This is the same approach I take with what I teach. If it fits the principles ("criteria") of my curriculum, it can be part of my curriculum. I often reference other arts in doing so, but after a point, it's just a technique. So, I might introduce "a Boxing-inspired jab", but after I teach it a couple of times, it's just "a jab". Why? Because at some point, it needs to stop being separate. So, if you found a way to incorporate the direct entering version of our Unbendable Arm classical technique, you might teach it initially as "this comes from NGA's Unbendable Arm". But at some point, if it's working well for you and your students, it should become part of WC by naming. Whether that means just dropping the "this comes from NGA's", or actually finding a suitable WC-ish name for it (probably by using one of your standard arm positions and whatever term you use for entering toward center), it should stop being an NGA technique and start being a WC technique.
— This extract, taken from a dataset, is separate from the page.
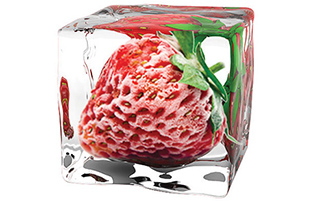 Холодильник LG GA-B419SYJL Холодильник LG GA-B419SYJL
_(Almost entirely unrelated note - about half the time I type "WC" my mind goes back to French, where that would be the borrowed term to refer to the "water closet" or restroom. Makes me giggle, because I'm obviously still 12 years old.)_


----------



## Gerry Seymour (Aug 3, 2018)

ShortBridge said:


> I get what you are saying and I've heard the term "Kung Fu" used that way, not just with fighting,but with...closing a sale or making a bowl of noodles.
> 
> It doesn't seem right to me, though to watch a boxing match and say "that was good Wing Chun". That person trained as a boxer, I don't want to take credit for their skill by associating it with what I do.
> 
> ...


I took it more as watching that same boxing and saying "That'd make good Wing Chun."


----------



## Gerry Seymour (Aug 3, 2018)

Xue Sheng said:


> Then that, IMHO, becomes something else....see Jeet Kune Do for example


I agree it eventually does. The question is at what point? How much does the content have to change for it not to be WC? One technique clearly isn't enough. Certainly neither is two. 100 is more than enough to say it's different.

Of course, if the entire art were to accept (over time) 50 new techniques into it, we'd just see it as the progression of the art. If one school integrates 50 new techniques (and no others do), they're probably not actually doing what's recognized as WC any more, and ought to give it a new name to avoid confusion.


----------



## lansao (Aug 3, 2018)

gpseymour said:


> As usual, I've shown up with no WC knowledge to post about a WC topic. Enjoy!
> 
> This is the same approach I take with what I teach. If it fits the principles ("criteria") of my curriculum, it can be part of my curriculum. I often reference other arts in doing so, but after a point, it's just a technique. So, I might introduce "a Boxing-inspired jab", but after I teach it a couple of times, it's just "a jab". Why? Because at some point, it needs to stop being separate. So, if you found a way to incorporate the direct entering version of our Unbendable Arm classical technique, you might teach it initially as "this comes from NGA's Unbendable Arm". But at some point, if it's working well for you and your students, it should become part of WC by naming. Whether that means just dropping the "this comes from NGA's", or actually finding a suitable WC-ish name for it (probably by using one of your standard arm positions and whatever term you use for entering toward center), it should stop being an NGA technique and start being a WC technique.
> 
> _(Almost entirely unrelated note - about half the time I type "WC" my mind goes back to French, where that would be the borrowed term to refer to the "water closet" or restroom. Makes me giggle, because I'm obviously still 12 years old.)_



Very cool. I feel like remembering where the movement came from is useful for remembering the context for it’s application. To know something came from BJJ out of a need to defend against a particular set of movements, etc.


----------



## Gerry Seymour (Aug 3, 2018)

PiedmontChun said:


> Eh, that sounds like a very eclectic Wing Chun approach though honestly. I am reminded of some of the WSL guys who used to frequent this forum who used to espouse their philosophy that (and I am generously paraphrasing here) - WC/VT is a very specific tool, and should remain so, not have lots of things added to it and overcomplicate it. It was a very narrow view but I had a hard time disagreeing with them. WC/VT/WT is a very specific way of fighting, like a very sharp knife which can cut many ways, not a jumbo swiss army knife.
> 
> People will always be eclectic in how they fight, incorporating anything and everything they have learned, but if Wing Chun is a coherent system, seems like it makes sense to leave it that way.
> 
> I think I will agree with you that Wing Chun can spill over into regular (i.e. non-fighting) life though. Important maxims like "When the way is clear, move forward" and "If you meet a greater force, give way". Can't count how many times those reminders have come to mind in situations that had absolutely nothing to do with physical fighting.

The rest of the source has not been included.